Yıllık izin ücret alacağı ancak fesihten sonra talep edilebilecek bir alacak olması nedeni ile bu alacağın ödenmemiş olması da davacı işçiye iş akdini haklı olarak feshetme imkanı vermez.
4857 sayılı İş Kanununun 60.maddesinde, “Yıllık ücretli izinlerin, yürütülen işlerin niteliğine göre yıl boyunca hangi dönemlerde kullanılacağı, izinlerin ne suretle ve kimler tarafından verileceği veya sıraya bağlı tutulacağı, yıllık izninin faydalı olması için işveren tarafından alınması gereken tedbirler ve izinlerin kullanılması konusuna ilişkin usuller ve işverence tutulması zorunlu kayıtların şekli Çalışma ve Sosyal Güvenlik Bakanlığı tarafından hazırlanacak bir yönetmelikle gösterilir” şeklinde kurala yer verilmiştir.

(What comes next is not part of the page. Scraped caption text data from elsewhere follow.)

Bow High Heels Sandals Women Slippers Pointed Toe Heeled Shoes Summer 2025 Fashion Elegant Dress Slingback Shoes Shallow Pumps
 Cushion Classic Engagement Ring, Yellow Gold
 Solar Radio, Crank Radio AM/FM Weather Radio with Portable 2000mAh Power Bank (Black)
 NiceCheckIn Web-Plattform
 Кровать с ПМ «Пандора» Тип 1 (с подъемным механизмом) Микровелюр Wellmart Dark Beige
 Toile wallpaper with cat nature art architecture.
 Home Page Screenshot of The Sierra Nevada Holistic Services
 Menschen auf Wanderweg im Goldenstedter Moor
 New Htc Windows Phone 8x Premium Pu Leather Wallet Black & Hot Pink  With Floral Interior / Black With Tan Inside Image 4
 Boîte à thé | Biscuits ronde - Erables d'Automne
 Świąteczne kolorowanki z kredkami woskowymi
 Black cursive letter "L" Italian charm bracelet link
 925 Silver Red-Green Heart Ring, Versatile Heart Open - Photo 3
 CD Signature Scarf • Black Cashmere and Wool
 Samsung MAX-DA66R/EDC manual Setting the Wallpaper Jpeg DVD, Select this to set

Anılan madde uyarınca hazırlanarak yürürlüğe konulmuş olan Yıllık Ücretli İzin Yönetmeliğinin 7. Maddesinde, işçinin izin isteğini en az bir ay önceden işveren bildirmesi gerektiği açıklanmış, 8. Maddede ise, işverenin işçinin izin kullanma tarihi ile bağlı olmadığı, işçinin talebi ve iş durumu dikkate alınarak izin döneminin belirleneceği ifade edilmiştir.
Aynı yönetmeliğin 8. Maddesinde ayrıca, “Aynı tarihe rastlayan izin isteklerinde: işyerindeki kıdem ve bir önceki yıl iznini kullandığı tarih dikkate alınarak öncelikler belirlenir” şeklinde düzenleme bulunmaktadır.
Yıllık ücretli izin yönetmeliğinde de belirtildiği üzere yıllık izin kullanılacağı zamanı belirlemek işverenin yönetim hakkı kapsamında kalmaktadır. İşverenin bu hakkının iyiniyet kuralları çerçevesinde kullanılması gerektiği açıktır. Bir başka anlatımla, işçinin anayasal temeli olan dinlenme hakkının, işyerinin gereklerine uygun biçimde ve mümkün olduğunca işçinin talebi çerçevesinde kullandırılması gerekir. İşverenin bu noktada yönetim hakkını kötüye kullanmasının yasalar karşısında korunmayacağı kabul edilmelidir. Yıllık izin talebi yönetmelik gereği 1 ay önceden istenilmelidir. İşveren yönetim hakkı kapsamında izin tarihini belirler. Davacının 1 gün önceden verdiği izin dilekçesinin reddi nedeniyle ayrılması devamsızlık niteliğindedir.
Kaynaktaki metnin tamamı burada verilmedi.